Re: [PATCH -tip v9 25/26] kprobes: Introduce kprobe cache to reduce cache misshits
- From: Ingo Molnar <mingo at kernel dot org>
- To: Masami Hiramatsu <masami dot hiramatsu dot pt at hitachi dot com>
- Cc: linux-kernel at vger dot kernel dot org, Andi Kleen <andi at firstfloor dot org>, Ananth N Mavinakayanahalli <ananth at in dot ibm dot com>, Sandeepa Prabhu <sandeepa dot prabhu at linaro dot org>, Frederic Weisbecker <fweisbec at gmail dot com>, x86 at kernel dot org, Steven Rostedt <rostedt at goodmis dot org>, fche at redhat dot com, mingo at redhat dot com, systemtap at sourceware dot org, "H. Peter Anvin" <hpa at zytor dot com>, Thomas Gleixner <tglx at linutronix dot de>
- Date: Thu, 24 Apr 2014 11:01:34 +0200
- Subject: Re: [PATCH -tip v9 25/26] kprobes: Introduce kprobe cache to reduce cache misshits
- Authentication-results: sourceware.org; auth=none
- References: <20140417081636 dot 26341 dot 87858 dot stgit at ltc230 dot yrl dot intra dot hitachi dot co dot jp> <20140417081931 dot 26341 dot 47154 dot stgit at ltc230 dot yrl dot intra dot hitachi dot co dot jp>
* Masami Hiramatsu <masami.hiramatsu.pt@hitachi.com> wrote:
> Introduce kprobe cache to reduce cache misshits for
> massive multiple kprobes.
> For stress testing kprobes, we need to activate kprobes
> as many as possible. This situation causes cache miss
> hit storm on kprobe hash-list. kprobe hashlist is already
> enlarged to 4k entries and this is still small for 40k
> kprobes.
>
> For example, when registering 40k probes on the hlist and
> enabling 20k probes, perf tools shows still a lot of
> cache-misses are on the get_kprobe.
> ----
> Samples: 633 of event 'cache-misses', Event count (approx.): 3414776
> + 68.13% [k] get_kprobe
> + 4.38% [k] ftrace_lookup_ip
> + 2.54% [k] kprobe_ftrace_handler
> ----
>
> Also, I found that the most of the kprobes are not hit.

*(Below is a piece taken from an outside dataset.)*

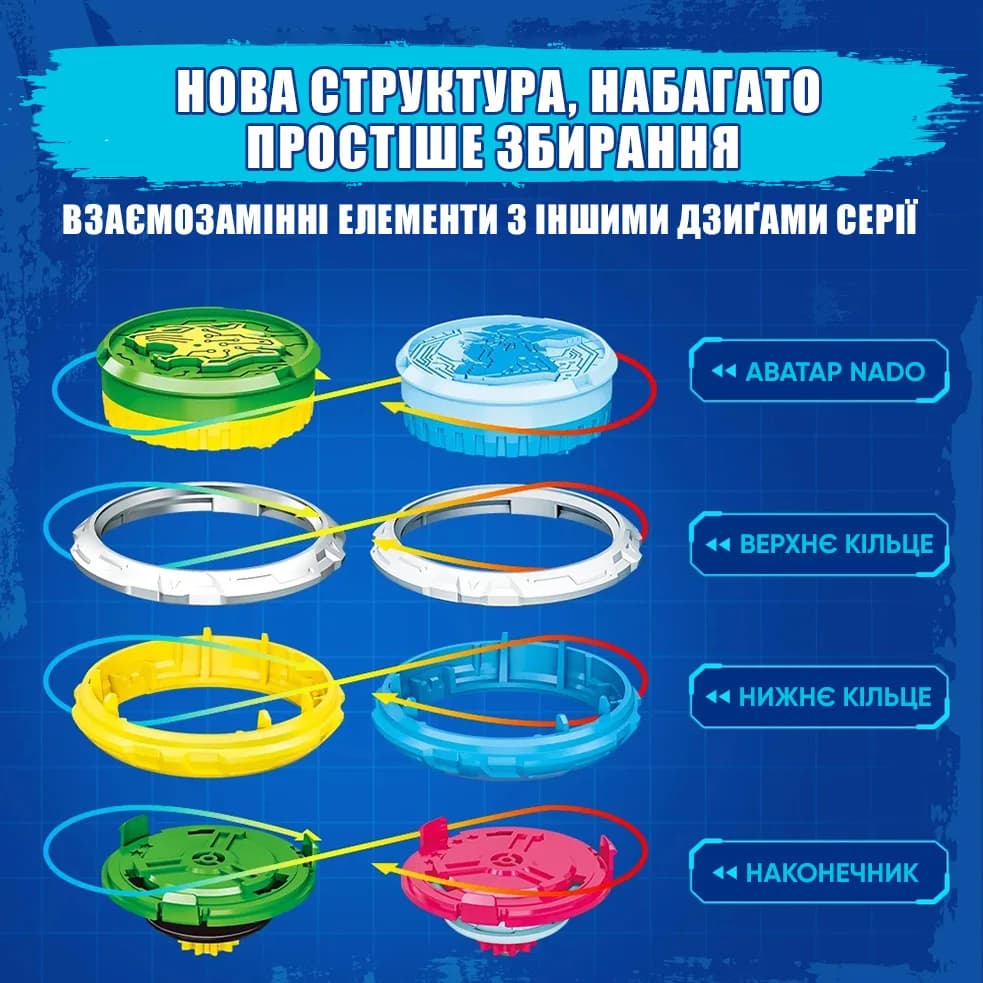 Юла Infinity Nado Starter Pack Ослепительный Леопард EU654114 фото 17 Юла Infinity Nado Starter Pack Ослепительный Леопард EU654114 фото 17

> In that case, to reduce cache-misses, we can reduce the
> random memory access by introducing a per-cpu cache which
> caches the address of frequently used kprobe data structure
> and its probe address.
>
> With kpcache enabled, the get_kprobe_cached goes down to
> around 4-5% of cache-misses with 20k probes.
> ----
> Samples: 729 of event 'cache-misses', Event count (approx.): 690125
> + 14.49% [k] ftrace_lookup_ip
> + 5.61% [k] kprobe_trace_func
> + 5.17% [k] kprobe_ftrace_handler
> + 4.62% [k] get_kprobe_cached
> ----
>
> Of course this reduces the enabling time too.
>
> Without this fix (just enlarge hash table):
> (2934 sec, 1 min intervals for each 2000 probes enabled)
>
> ----
> Enabling trace events: start at 1393921862
> 0 1393921864 a2mp_chan_alloc_skb_cb_38581
> ...
> 19999 1393924928 nfs4_open_confirm_done_11785
> ----
>
> With this fix:
> (2025 sec, 1 min intervals for each 2000 probes enabled)
That's a nice speedup.
So I don't think this should be a Kconfig entry, just enable it
unconditionally. That will further simplify the code.
Thanks,
Ingo